Ansehen: 68 Prozent der deutschen Topmanager sehen sich mit einem "massiven Vertrauensverlust" seitens der Öffentlichkeit konfrontiert, weit mehr als in den übrigen Ländern. Dürftig sieht es allerdings ihrer Meinung nach auch mit der persönlichen Integrität der Eliten aus. Topmanager bei deutschen börsennotierten Firmen schneiden ziemlich schlecht ab.

Eine noch geringere Meinung haben die hiesigen Führungskräfte allerdings von der Regierung: Nur 15 Prozent sagen, die meisten Topleute dort seien integre Persönlichkeiten. Nirgends sonst sehen die Topmanager Politiker so negativ



"Grenzen akzeptieren lernen"

BDI-Vize Arend Oetker über gesellschaftliche Verantwortung.

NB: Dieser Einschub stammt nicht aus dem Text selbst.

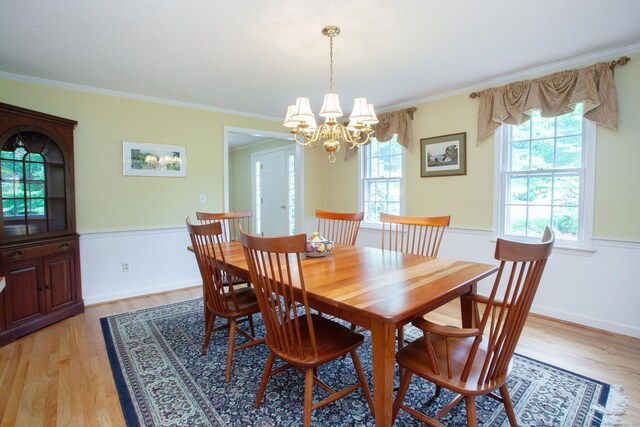 41 Blue Ridge Dr, Simsbury, CT 06089 - dining area with a chandelier, light wood-style flooring, and ornamental molding
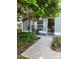 Inviting front entry with lush landscaping and a charming bench at 3653 Kings Rd # 101, Palm Harbor, FL 34685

mm.de: Sie engagieren sich für Werte im Management. Gibt es Dinge, die man als Firmenlenker nicht tut?


Oetker: Viele. Manager und Unternehmer müssen Grenzen akzeptieren lernen. Wir haben dank der Globalisierung international enorm an Bewegungsfreiheit gewonnen. Dieser großen Freiheit müssen wir uns aber als würdig erweisen, indem wir uns aus eigener Einsicht an Werte halten.

mm.de: Was heißt das konkret?

Oetker: Vor allem, dass man anständig mit seinen Mitarbeitern umgeht. Ich gebe Ihnen ein Beispiel: Kürzlich musste ich einen Mitarbeiter entlassen, weil er große psychische Probleme hatte. Der Mann war Anfang 50, ich habe lange mit mir gerungen, ob ich das verantworten kann. Ich habe mir sein Umfeld angesehen, ob seine Frau was dazuverdienen kann und so weiter. Man darf sich solche Entscheidungen nicht zu leicht machen. Ich fühle mich meinen Mitarbeitern gegenüber verpflichtet. Das mag altmodisch klingen, aber das macht für mich Unternehmertum aus.

mm.de: Wie sieht es mit Betriebsverlagerungen aus - erlaubt oder nicht?

Oetker: Natürlich erlaubt. Aber ich muss den hiesigen Mitarbeitern eine wirklich faire Chance geben. Wenn ein Betrieb in Schwierigkeiten kommt, muss ich der Mannschaft erst mal klare Ziele setzen. Werden die Ziele erreicht, muss ich mich an die Vereinbarung halten - dann darf ich es mir nicht anders überlegen.

mm.de: Verträge einhalten - wie steht's damit?

Oetker: Ganz wichtig. Verträge, da steckt das Wort vertragen drin. Ohne langfristige Kooperation funktioniert kein Unternehmen.

mm.de: Ist die Denkweise im Management kurzfristiger geworden?

Oetker: Eindeutig. Und das ist problematisch. Wer nur kurzfristig seinen eigenen Nutzen maximieren will, der wird bestraft. Denken Sie an Napoleon. Der war kurzfristig sehr erfolgreich, aber langfristig ist er untergegangen.